Tuesday, February 14, 2012

#251 - Blood Orange & Black Olive Tuna With '08 Antica Terra

Boy, the 2008 Oregon pinots are going to be a fun follow.

I have no idea if I'm going to love them but the development and life should be a long, great romp.

If only a touch more fresh acid on the finish existed.  IF. ONLY.

Right now...right now...the 2007 Antica Terra seems to be more together, more composed and expressive of what it is and is going to be.

The 2008 is a bit scatterbrained but precocious.  The talent is there but too many thoughts are floating around in its brain to know what it wants to be.  "I want to be a scientist!  I want to be a astronaut!"

There's no doubt this is going to be a good wine.  Right now, it's a waiting game.

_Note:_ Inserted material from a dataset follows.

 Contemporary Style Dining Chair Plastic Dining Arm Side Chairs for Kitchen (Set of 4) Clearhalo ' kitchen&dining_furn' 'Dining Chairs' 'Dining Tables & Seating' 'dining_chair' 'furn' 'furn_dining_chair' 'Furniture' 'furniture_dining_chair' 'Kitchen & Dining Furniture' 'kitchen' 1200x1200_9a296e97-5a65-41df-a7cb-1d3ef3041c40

Delicious stuff but too all over the place to enjoy it by itself.  With food, with the best freakin' tuna on the planet, the wine followed the food lead like a good little soldier waiting for its time in the sun.

Food:  Blood orange, black olive and pomegranate seed tuna over frisée with Seeduction bread, rose petal jam and Kerrygold butter

Still.  Best.  Tuna.  Ever.  


Ubuntu in Napa and this tuna last January were two of the biggest surprises and best meals we had last year.

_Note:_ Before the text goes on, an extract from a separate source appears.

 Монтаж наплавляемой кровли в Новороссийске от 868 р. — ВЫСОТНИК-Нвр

Can't say much more than what's already been said about this food.  Mrs. Ney added beets in the past and it was delicious but not particularly needed to get to such great heights.

The recipe:

Tuna: 12 oz piece: crusted with:
      (1 tsp coriander seeds
      1/2 tsp pink peppercorns
      1/2 tsp szechuan peppercorns
      seeds from 5 cardamom pods
      1/2 tsp fleur de sel
      4 thin slices peeled ginger,
      mashed all together in mortar & pestle - from Around My French Table)
Blood orange suprèmes and gaeta olives (shallot, thyme, cumin seeds, walnut oil)
All over frisée
Seeduction bread, Kerrygold butter, French rose petal jam

Probably the cleanest meal with some of the prettiest flavors in the world.

Deathbed meal in many ways.

Very good with the wine but we wanted the Ponzi/Ken Wright acid we've had with this tuna.

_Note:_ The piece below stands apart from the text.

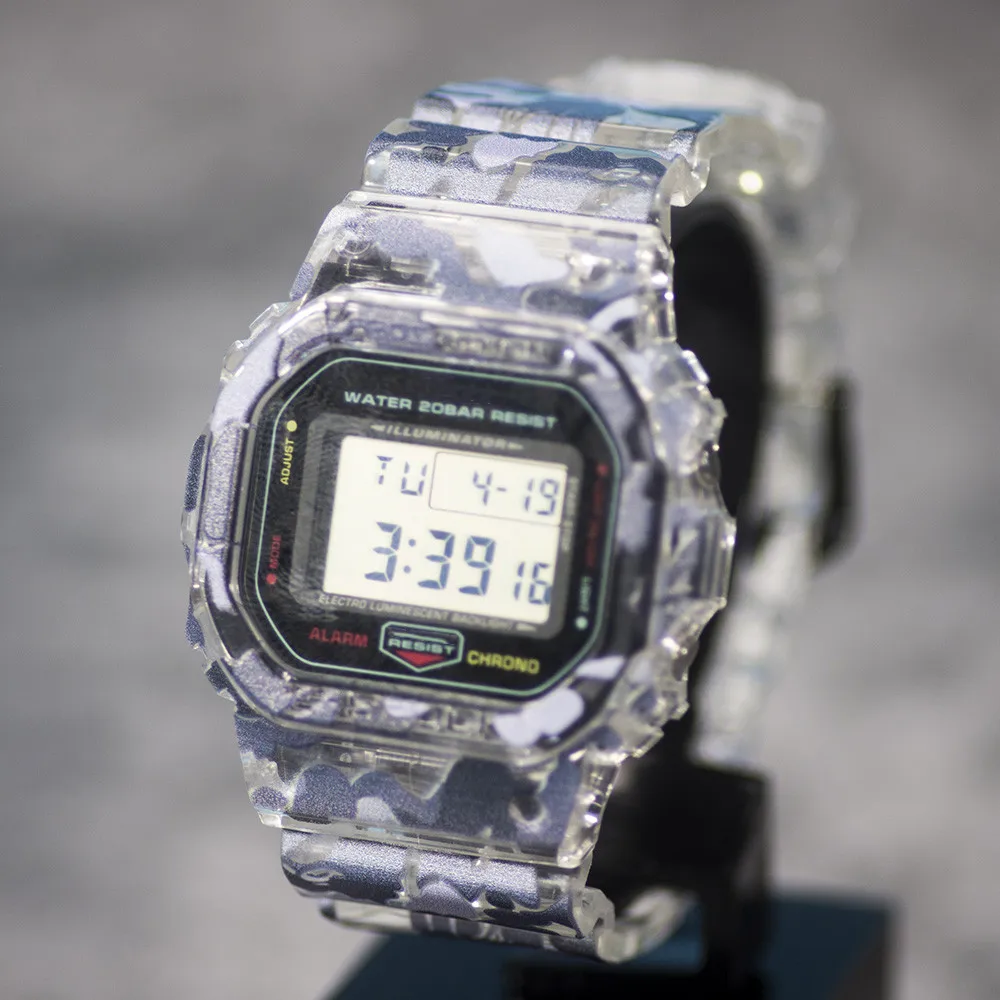 Водонепроницаемые спортивные часы DW5600/5610 с камуфляжным ремешком|Ремешки для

Wine:  2008 Antica Terra Pinot Noir Willamette Valley ($45 - WDC)

Bursted out of the glass upon first pop.  Screamed "BLAH! I'M OUT AND PROUD!!" with huge darker red fruits, twiggy mud, smoke and spice right away, bucking all over the place.  Threw it in the decanter 15 minutes before eating and it settled to a nice point.  Very young right now but tamable.

Swirling darker red fruits with a touch a creamy dark chocolate and a touch of mud dominated.  A big one.  Bit of tea but not prominent.  Bit of forest floor but not prominent.  Tasted overall like everything that Oregon pinot is but no single element or group of elements are taking the lead right now.  Not muddled, just not settled or showing direction.

That said, it's certainly enjoyable at present to an extent as it's showing some great structure, nice pause-worthy sips and chockablock with wonderful New World pinot nuggets.  I wonder how dark and brooding it will end up being.  Seems heading that way.  We worry about the acid finish.  Somewhat flat on the finish.  We missed the lift on the finish that provides that great Oregon coda, summing up all that came before.

Antica Terra, a wine from Maggie Harrison of Sine Qua Non fame, is too good not to buy at least once a vintage.  We thought that after the 2007.  The 2008 confirmed such things and seems like a prime candidate to see how a wine from a very ripe Oregon vintage settles in the hands of a good winemaker.

We didn't get into Oregon wines until the 2005 vintage so we haven't experienced this level of ripeness over time.  We liked this one well enough to think about getting another and following.  Could be an education.

Pairing:  89  It was about the tuna as it always is but the wine mostly kept up

A minimum level of pinot noir goodness sufficed here.

But without a match-matchy acid to match the pomegranate seeds, we both found it lacking that last great, important pairing element.  Some nice spice match-up helped and the wine had the guts to stand up to the olives in a pretty way, turning the wine darker, more gnarly and medium-bodied, like a glimpse into what it might become.

It was a pairing that was more "in the end, this was good" more than "by golly, each bite and sip is delicious!"

We really liked the flavors.  The flavors in the wine didn't extend the enjoyment of everything in its totality though in ways we've had in the past with other Oregon numbers and similar tuna preps, like Ponzi, Ken Wright and Evening Land or the Champagne wonder that is Larmandier-Bernier Rosé de Saignée.  Stayed in the conversation but never seriously challenged.